Copy out the lines beginning at the one with "Eladó ház Szeged, Petőfitelep" and ending at the last line of the data, both included; pictures stay out.

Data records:
^^^^

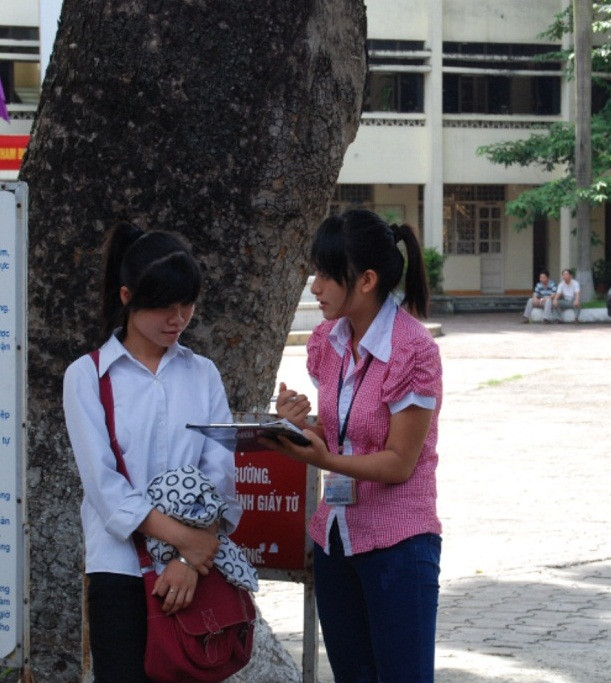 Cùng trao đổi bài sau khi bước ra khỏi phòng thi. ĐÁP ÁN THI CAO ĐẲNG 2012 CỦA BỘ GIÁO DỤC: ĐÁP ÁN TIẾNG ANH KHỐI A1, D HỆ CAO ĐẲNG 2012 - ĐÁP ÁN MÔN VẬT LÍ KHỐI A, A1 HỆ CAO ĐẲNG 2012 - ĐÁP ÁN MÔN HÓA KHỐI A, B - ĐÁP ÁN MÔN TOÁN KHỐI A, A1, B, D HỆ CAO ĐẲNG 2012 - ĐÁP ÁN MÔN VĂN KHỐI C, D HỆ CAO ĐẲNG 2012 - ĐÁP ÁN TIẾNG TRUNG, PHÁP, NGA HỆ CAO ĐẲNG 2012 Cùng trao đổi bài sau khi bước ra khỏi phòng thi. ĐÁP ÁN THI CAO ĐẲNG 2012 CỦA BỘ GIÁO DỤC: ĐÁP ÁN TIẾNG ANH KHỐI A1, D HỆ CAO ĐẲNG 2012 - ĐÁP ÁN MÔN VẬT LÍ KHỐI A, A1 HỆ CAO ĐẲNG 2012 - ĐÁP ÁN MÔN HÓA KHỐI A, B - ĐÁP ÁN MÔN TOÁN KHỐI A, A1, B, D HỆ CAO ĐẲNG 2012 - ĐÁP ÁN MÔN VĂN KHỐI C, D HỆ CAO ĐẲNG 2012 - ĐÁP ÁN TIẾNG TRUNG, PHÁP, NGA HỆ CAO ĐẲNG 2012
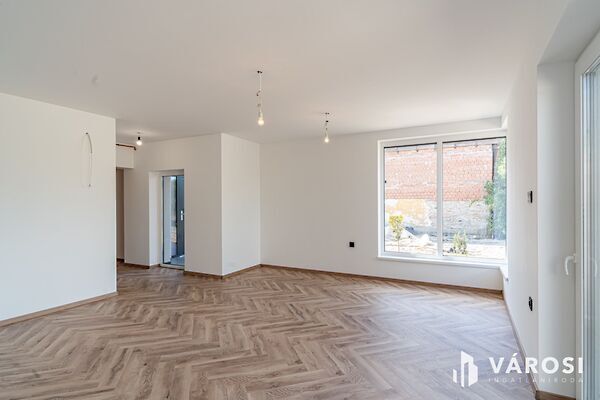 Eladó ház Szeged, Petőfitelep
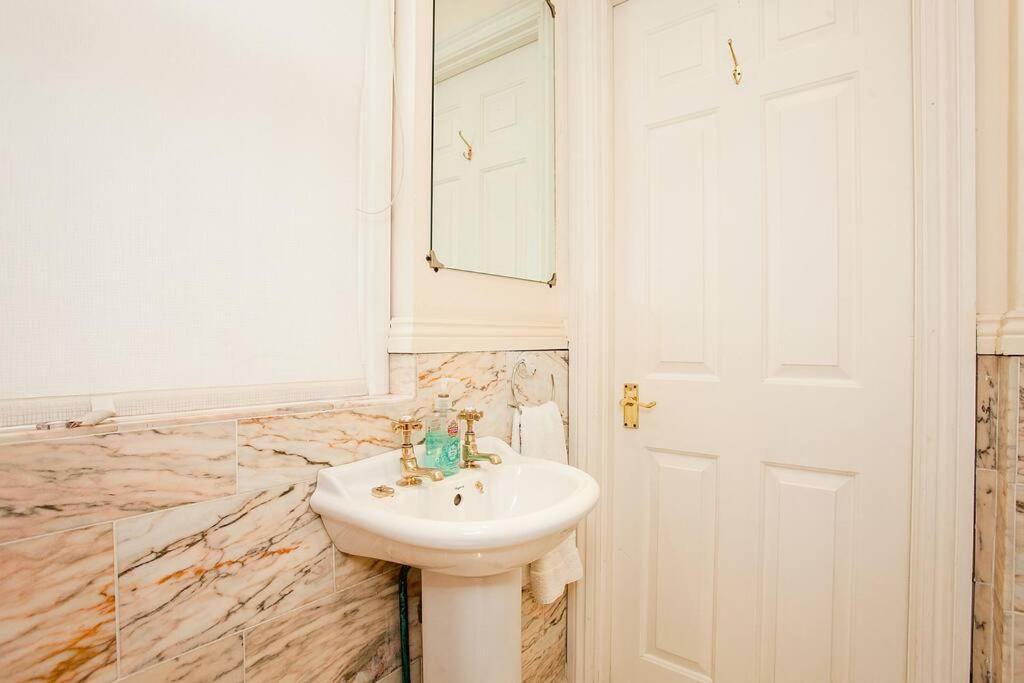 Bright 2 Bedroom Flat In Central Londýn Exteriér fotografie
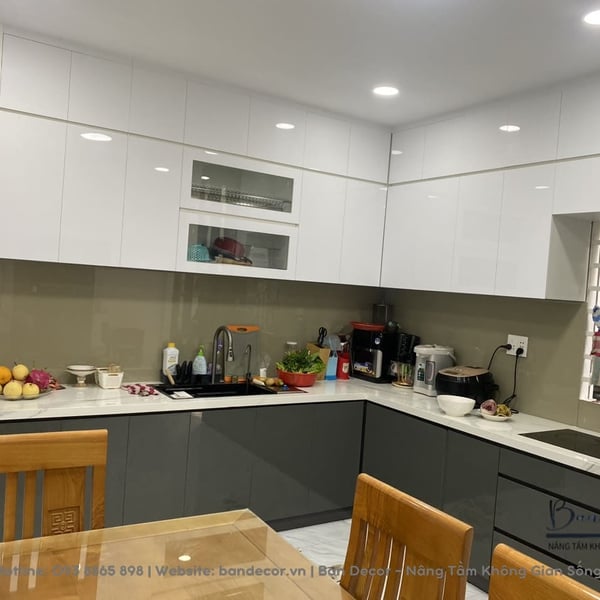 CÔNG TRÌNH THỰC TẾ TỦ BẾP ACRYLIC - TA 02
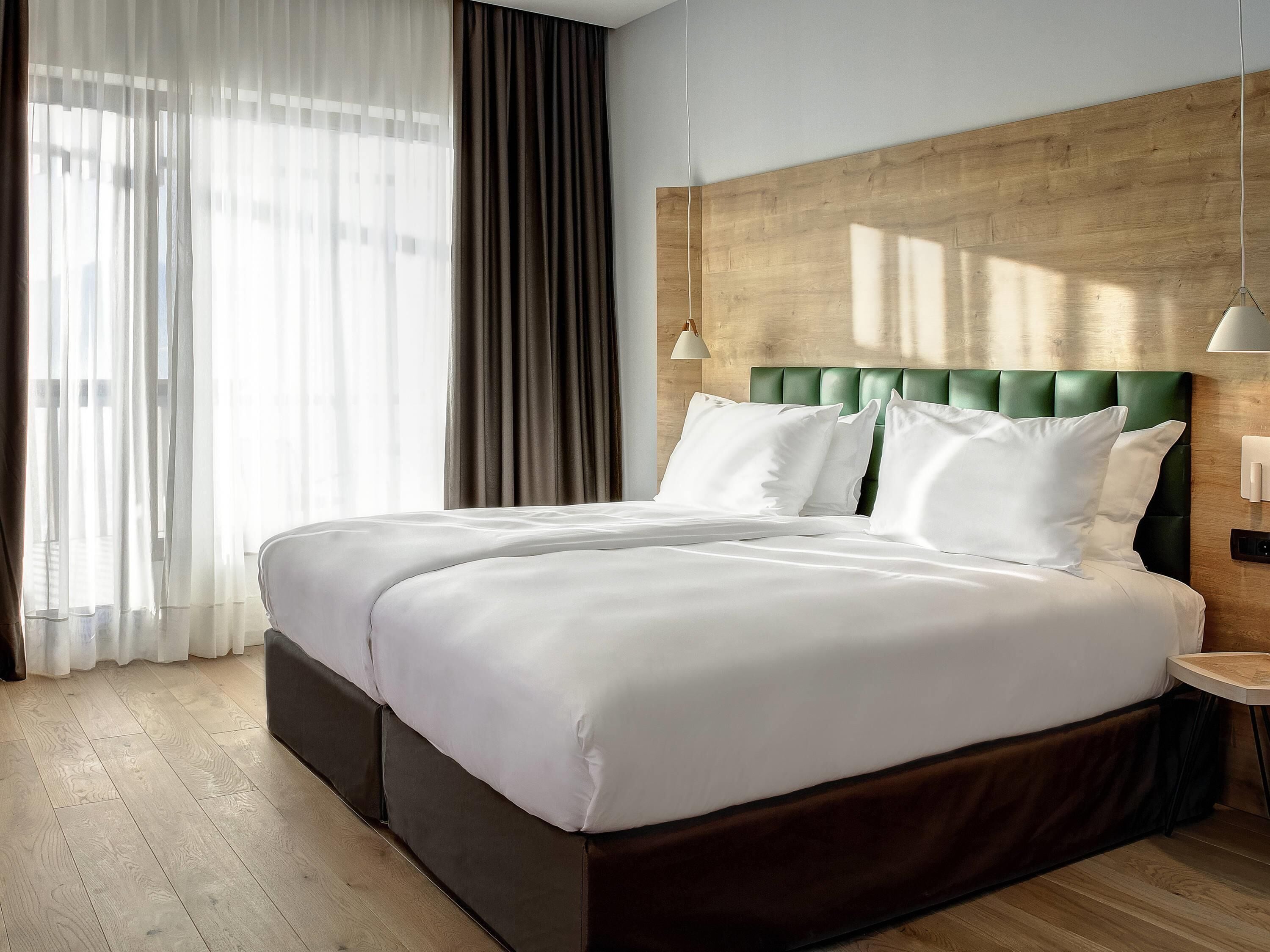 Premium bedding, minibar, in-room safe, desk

^^^^

> _RESPONSE TO THIS EXERCISE_:
 Eladó ház Szeged, Petőfitelep
 Bright 2 Bedroom Flat In Central Londýn Exteriér fotografie
 CÔNG TRÌNH THỰC TẾ TỦ BẾP ACRYLIC - TA 02
 Premium bedding, minibar, in-room safe, desk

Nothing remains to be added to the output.